- _MATERIAL SUPPLIED_
....
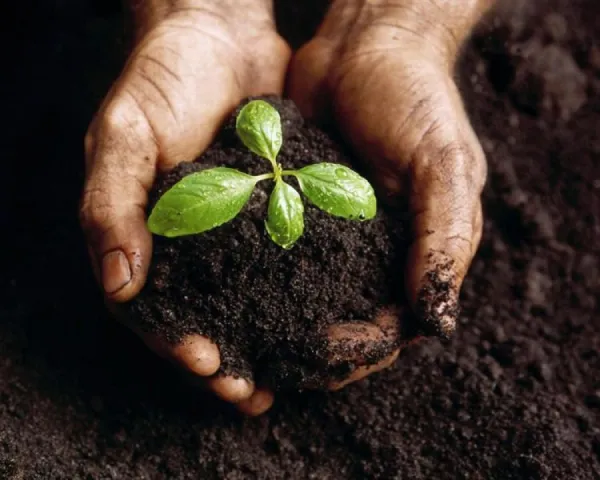 Biodiversidad y Conocimiento Campesino en la Historia: Bases Agroecológicas para un Nuevo Desarrollo Rural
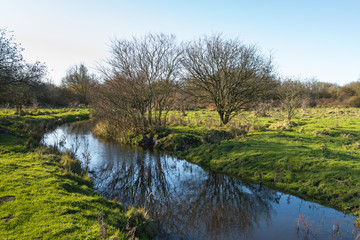 Fototapeta na wymiar Bare trees reflected in a small stream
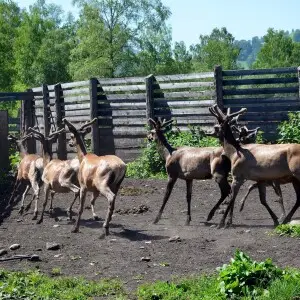 defensive behavior of deer
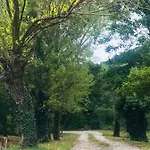 Bed and Breakfast Casina Morgana 4*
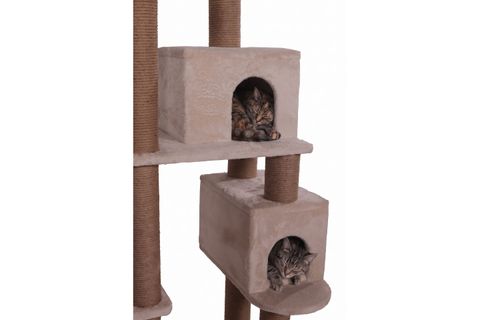 MRCAT KEDİ TIRMALAMA AĞACI, KREM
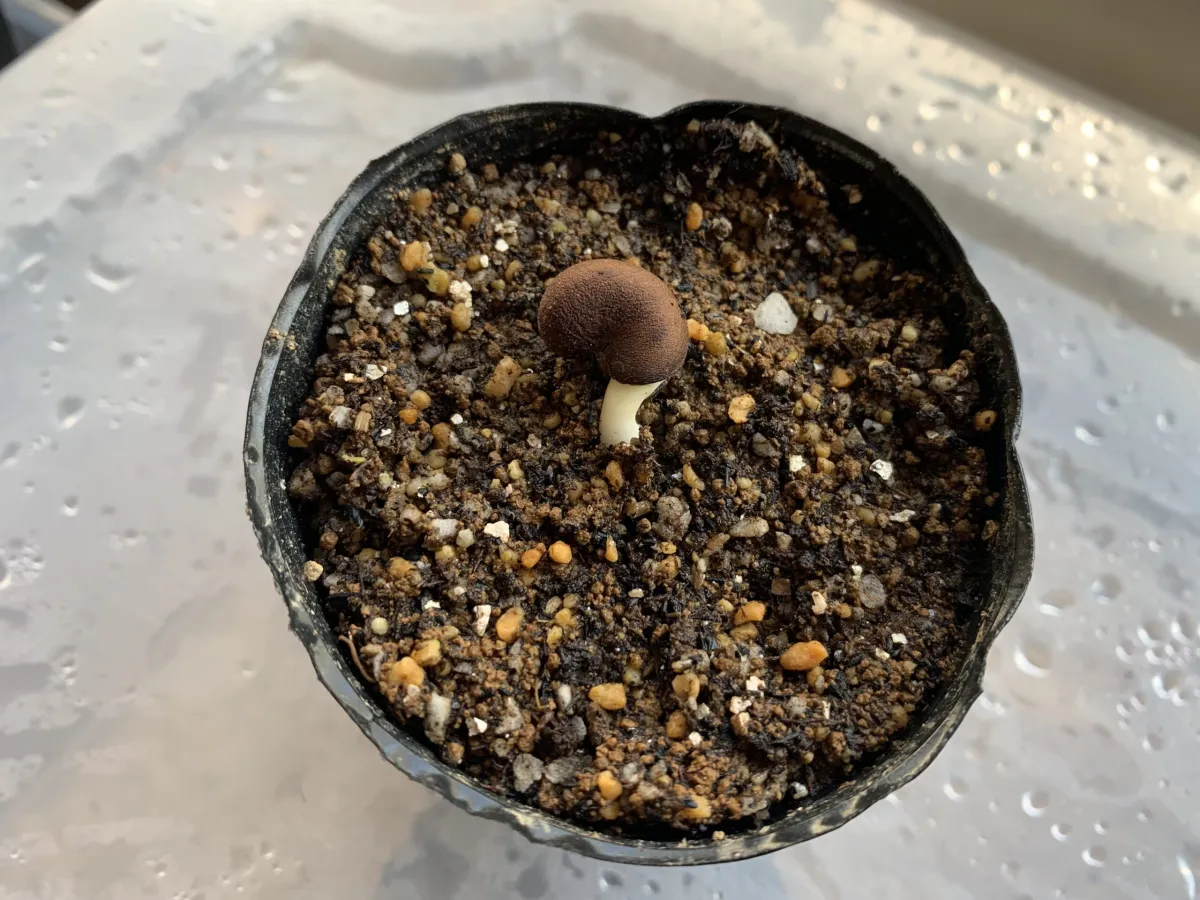 Adansonia digitata (アダンソニア（バオバブ） ディギタータ)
....
- _PROBLEM TO SOLVE_
Give back exactly the lines from the line with "MRCAT KEDİ TIRMALAMA AĞACI, KREM" through the end of the material above, and omit every picture.

- _RESULT_
 MRCAT KEDİ TIRMALAMA AĞACI, KREM
 Adansonia digitata (アダンソニア（バオバブ） ディギタータ)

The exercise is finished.